寿三郎は一命を取り留めるも、後遺症から介護が必要になります。
そこで、寿一はプロレスに区切りをつけ、寿三郎の介護を引き受け、さらに観山流跡を継ぐことを決心します。
自分がしてもらえなかった「親らしいこと」を逆にしてやろうと、慣れない介護と、そして離れていた能の稽古の日々が始まります。
そこに、余生を自由に生きると宣言した寿三郎の婚約者の登場や、子どもたちの知らない様々な過去が明らかになるなど、波乱の展開を迎えます。
老いとは?死とは?
この作品はコミカルな中にも、年老いた父に対する子どもたちの葛藤と、自分自身が死を見据えている父の、非常に生々しい心情が描かれます。
物語の序盤、あれほどに厳しかった父が、お風呂やお手洗いに自力で行けなくなったことに対して、寿一が悔しさとも怒りともとつかない感情を爆発させたのは、決してフィクションの世界だけのことではないでしょう。
一方で、人間国宝という自負を持ったまま、身体機能の低下だけでなく、認知症の症状も出るようになった寿三郎も、静かにその苦しみと向き合っていました。
そんな寿三郎が口にした「自分の人生のしまい方が、広げた風呂敷の畳み方がわからなくなった」という言葉は非常に印象的でした。
死を覚悟するも一命を取り止め、出来ないことは多くとも生きているという、死が思い通りにならないことへの苦しみが表現されていました。
人間の老いや死というものは、決して本人だけのものではないということが改めて分かる、そんなストーリーに私は引き込まれました。
最終回の残念さ(以下、ネタバレを含みます。
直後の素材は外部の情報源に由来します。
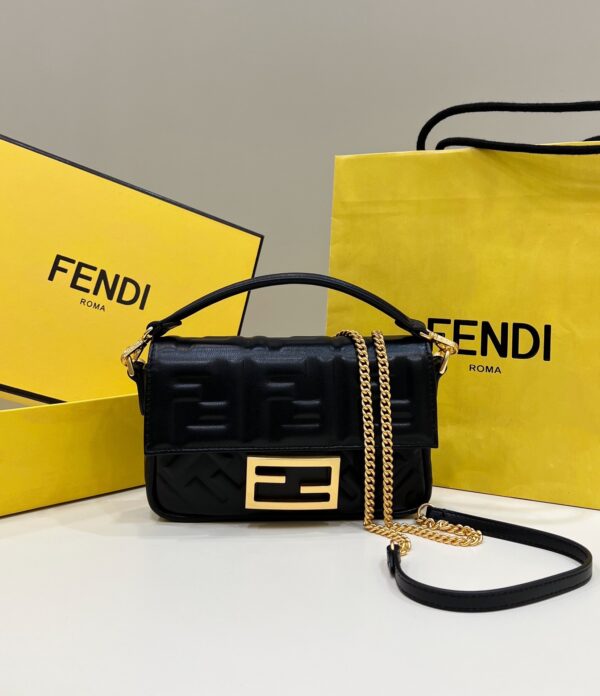 Fendi Baguette Mini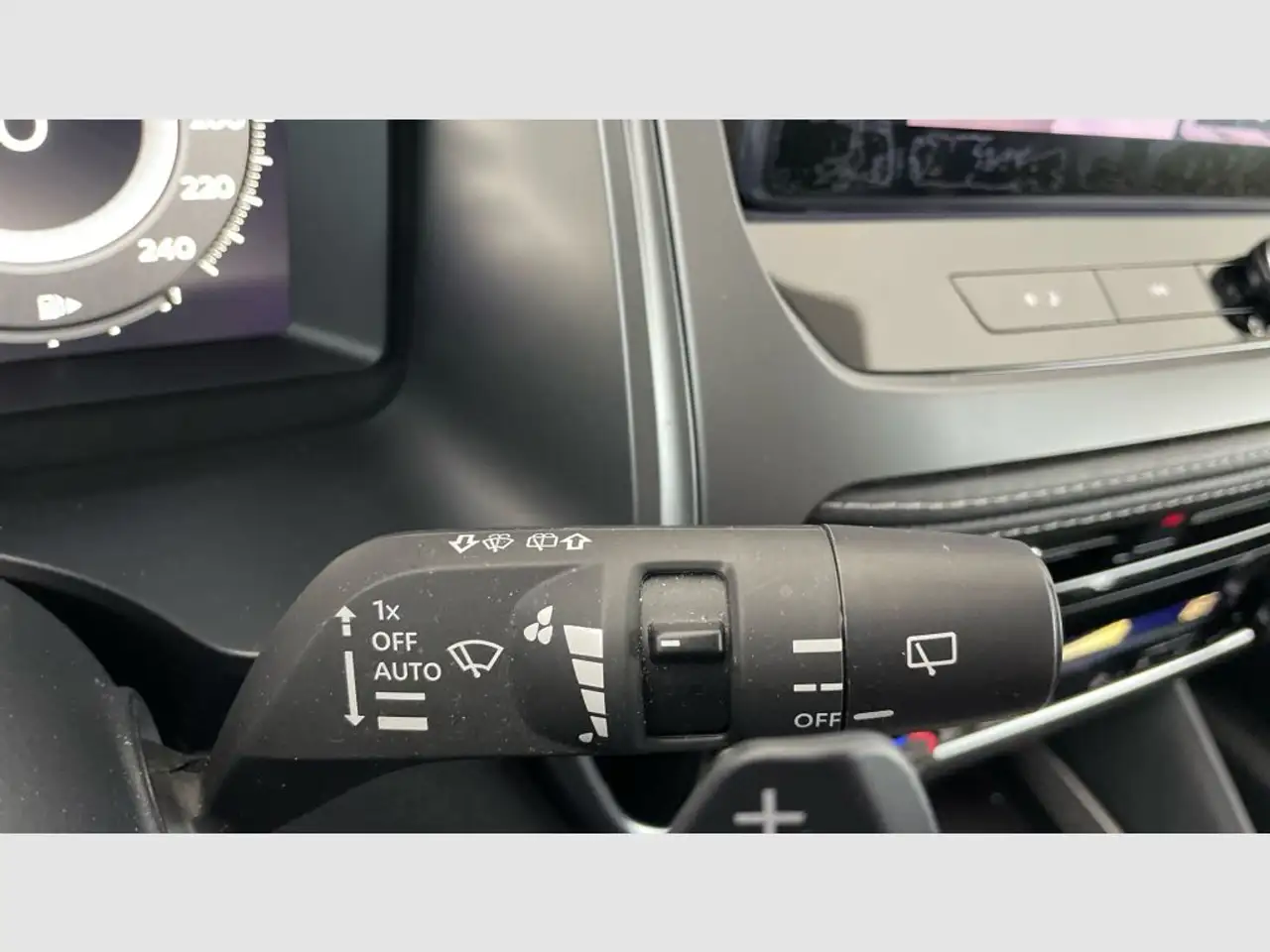 Nissan Qashqai DIG-T 116kW CVT N-Connecta mHEV — Vehicle gallery 28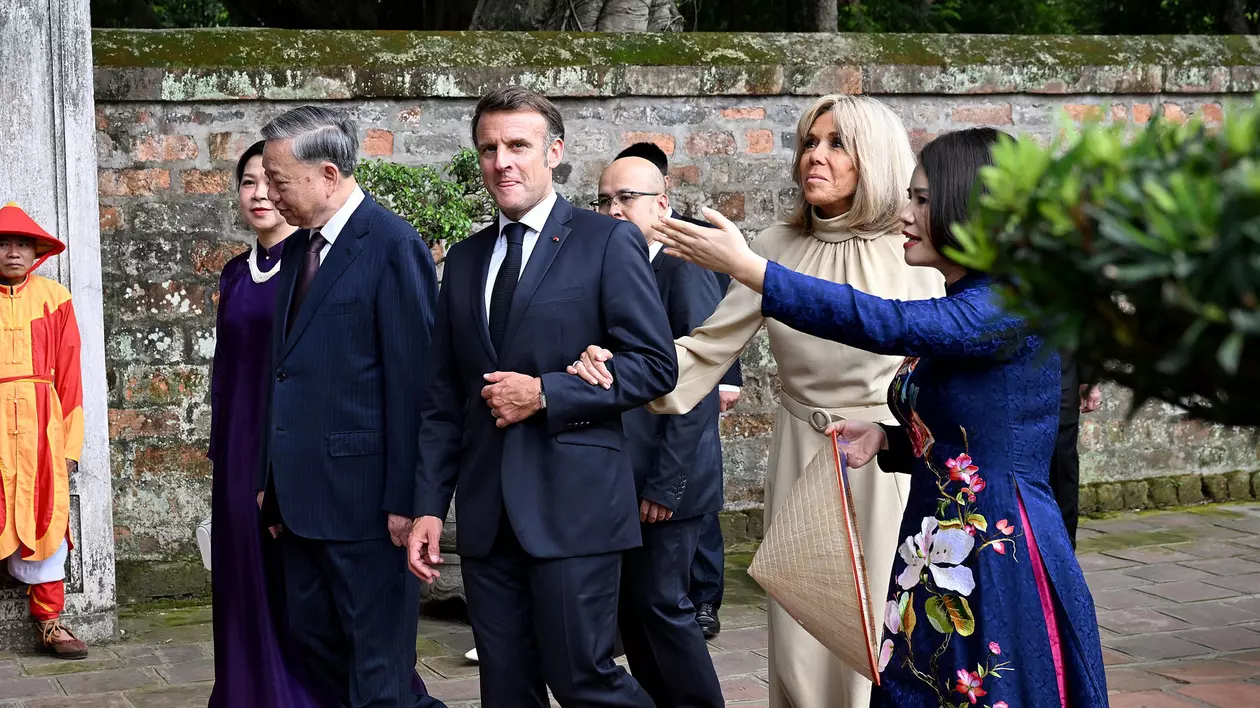 Președintele francez Emmanuel Macron și Brigitte Macron, în vizită în Vietnam.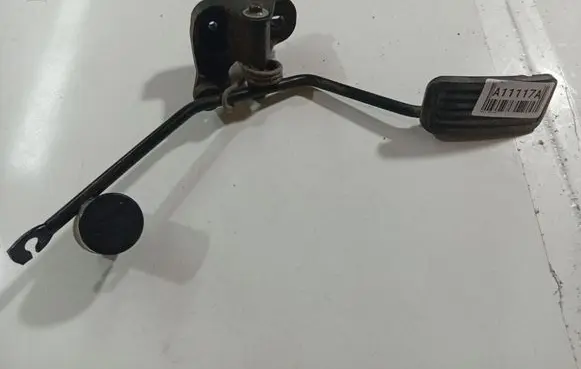 Toyota Aygo AB10 Accelerator throttle pedal 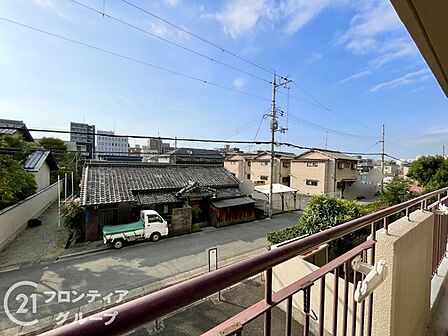 バルコニーからの眺望は、日常の中に小さな楽しみを見つけられ、心を和ませる空間を作ります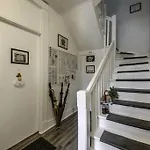Historical Pullman - Fully Furnished Apartment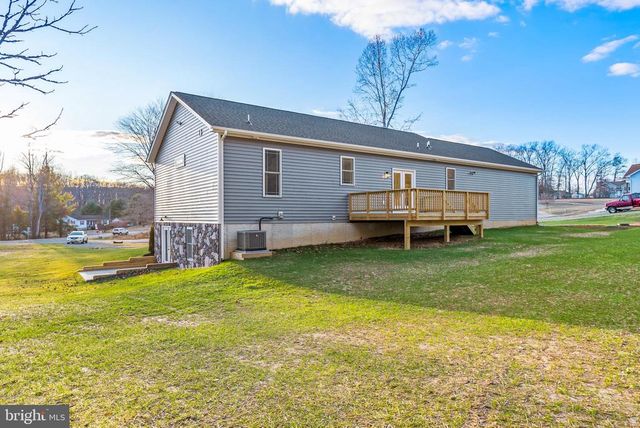22 LAKE COUNTRY DR, Mineral, VA 23117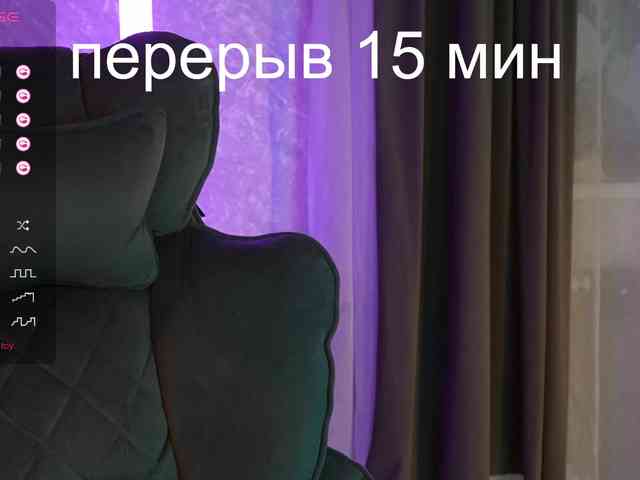 _Polly_ webcam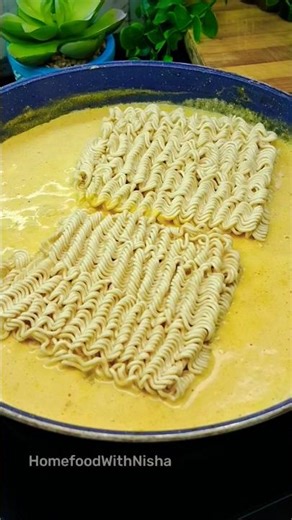 The Creamiest 10-Minute Cheesy White Sauce Maggi 🤍🧀 | #Shorts #snake #shortsfeed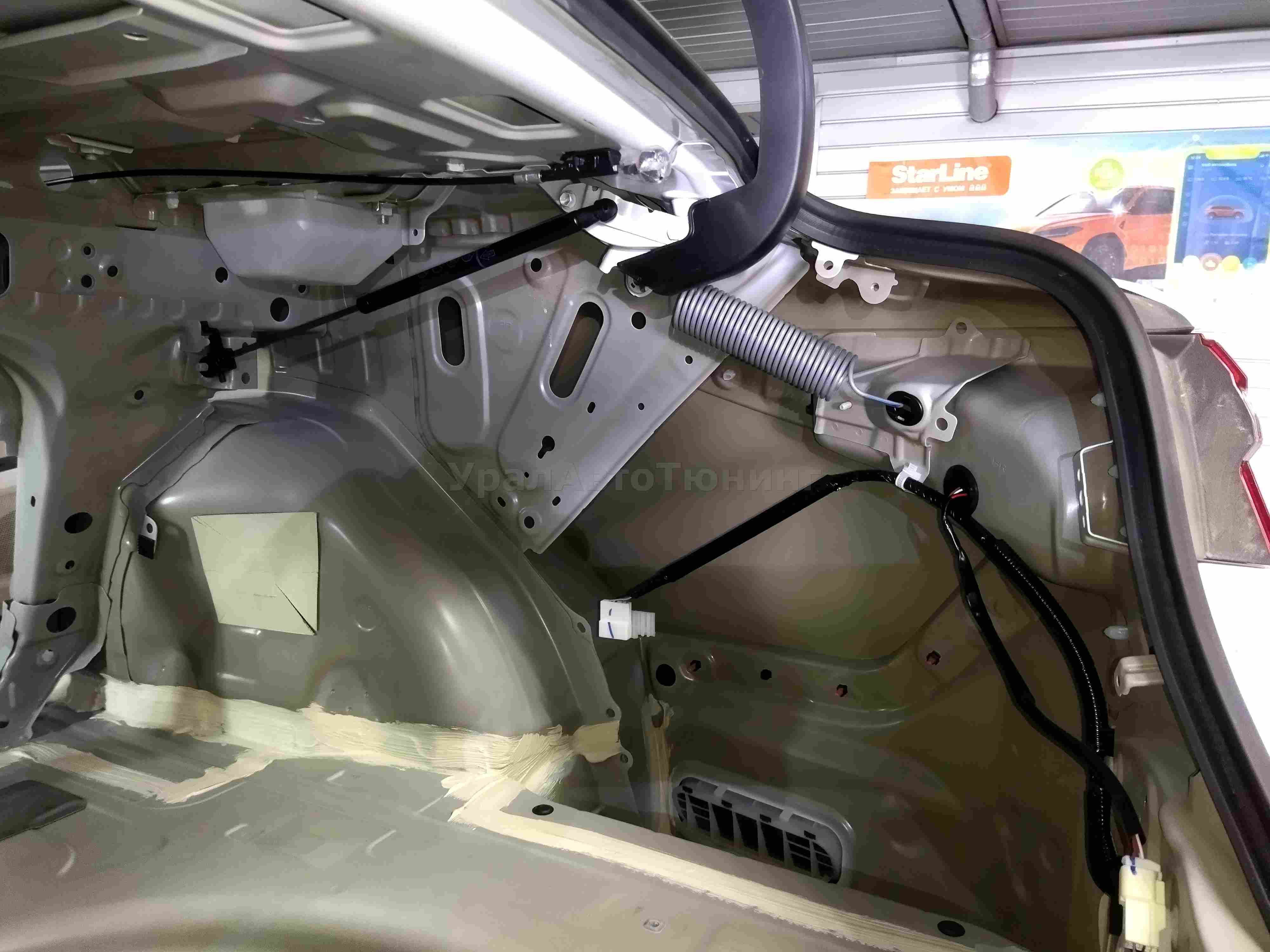 Шумоизоляция багажника Toyota Camry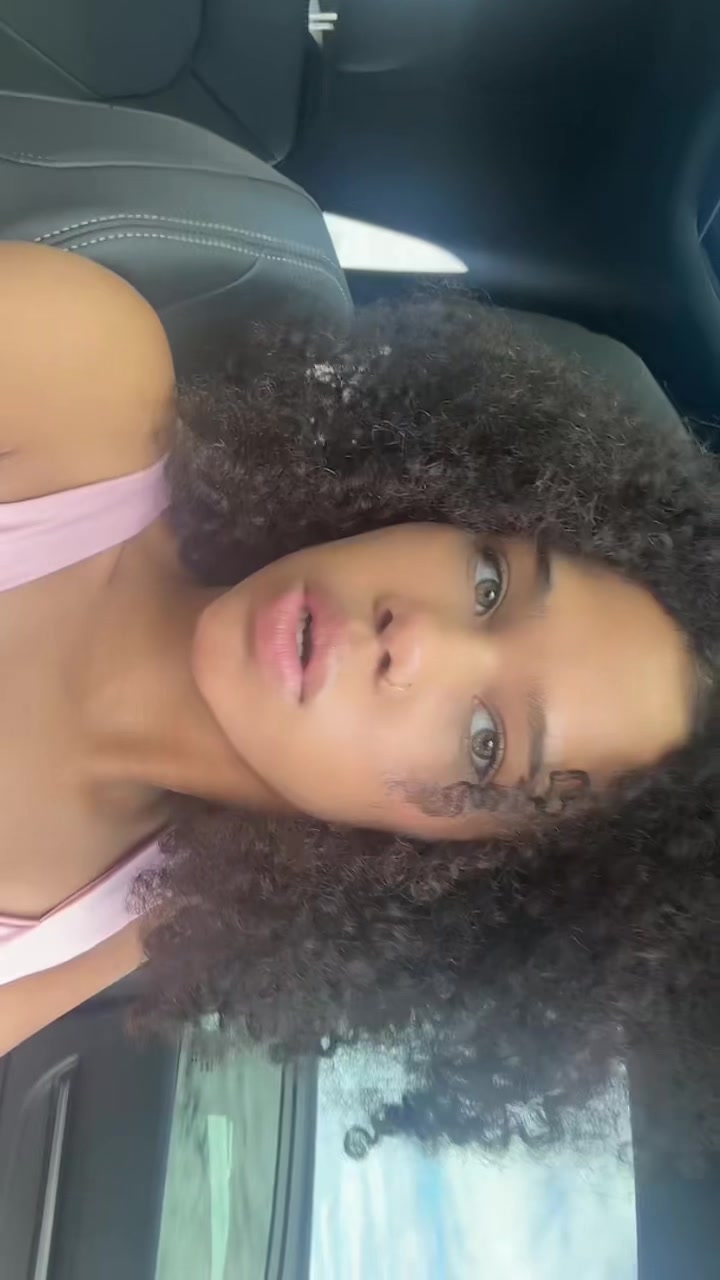 @𝒯𝒶𝓁𝒾𝒶 𝑀𝒶𝓇𝓉𝒾𝓃𝑒𝓏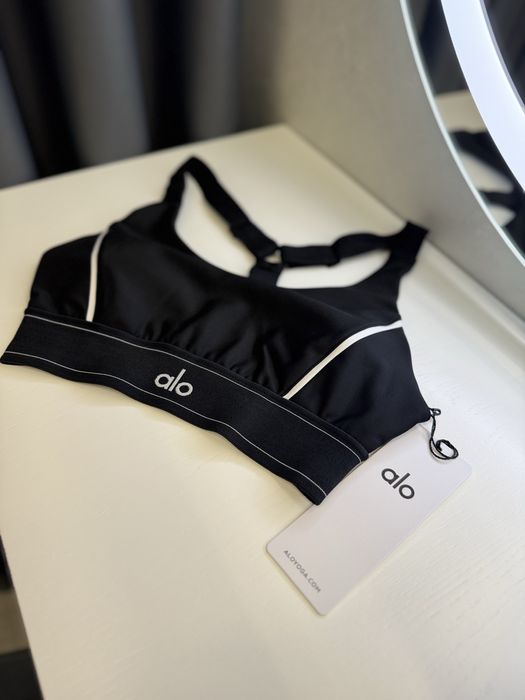 Топ жіночий alo yoga new
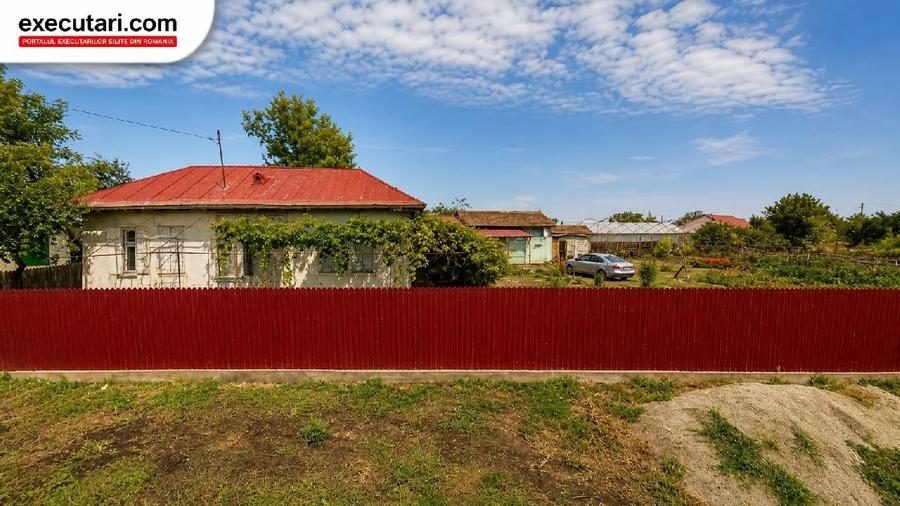 Casă individuală cu 3 camere cu Teren 1350 Mp în Cotorca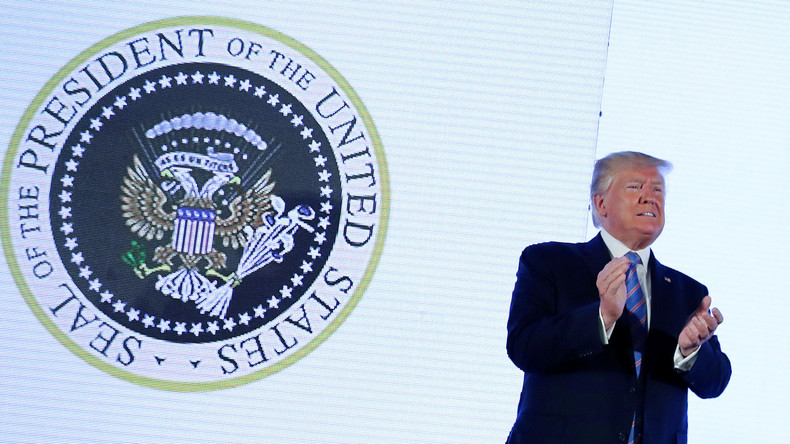 Doppelkopfadler mit Golfschläger: Falsches Wappen bei Trump-Auftritt sorgt für Spekulationen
)
最終回は、寿一がいよいよ能の舞台に立つというところから始まります。
ところが、寿一は寿三郎以外との会話が成立せず、視聴者は違和感を覚えます。
そして本番を迎え、寿三郎が寿一の姿を探していると、実はその数ヶ月前に寿一が亡くなっていたことが告げられます。
もちろん、その死は隠されていたのではなく、寿三郎はその事実を受け止めることができず、そこに認知症が重なったことで、ずっと周りには見えていない寿一と会話をしていたのです。
この展開にはこれまでのエピソードに伏線が張られていたらしく、その回収が素晴らしいと話題になりました。
私もそれはいいと思います。
しかし、その後がどうにも納得できない、いや、自分の立場から観ると辛すぎる展開だったのです。
最終的に寿三郎は寿一と最後の言葉を交わし、その死を受け止めることができます。
しかし、観山家には仏壇があるにもかかわらず、おそらく四十九日が過ぎてもご遺骨と位牌を祭壇に飾ったままにしてあります。
そして、一家揃って食事をする時には寿一の「いただきます!」という声が欠かせなかったことから、寿一が生前撮った「いただきます!」と言う動画を再生し、観山家は食事を始めます。
私が納得できないのは、細かい儀礼的な部分ではありません。
観山家がずっと、「生きている寿一」を頼って生きているということです。
このブログやYouTubeで、仏教は故人の肉体ではなく教えを頼りに生きていく道を説いているというお話をしてきました。
それは、遺された人にとって、大切な人の死をただの喪失にしないための道でもあります。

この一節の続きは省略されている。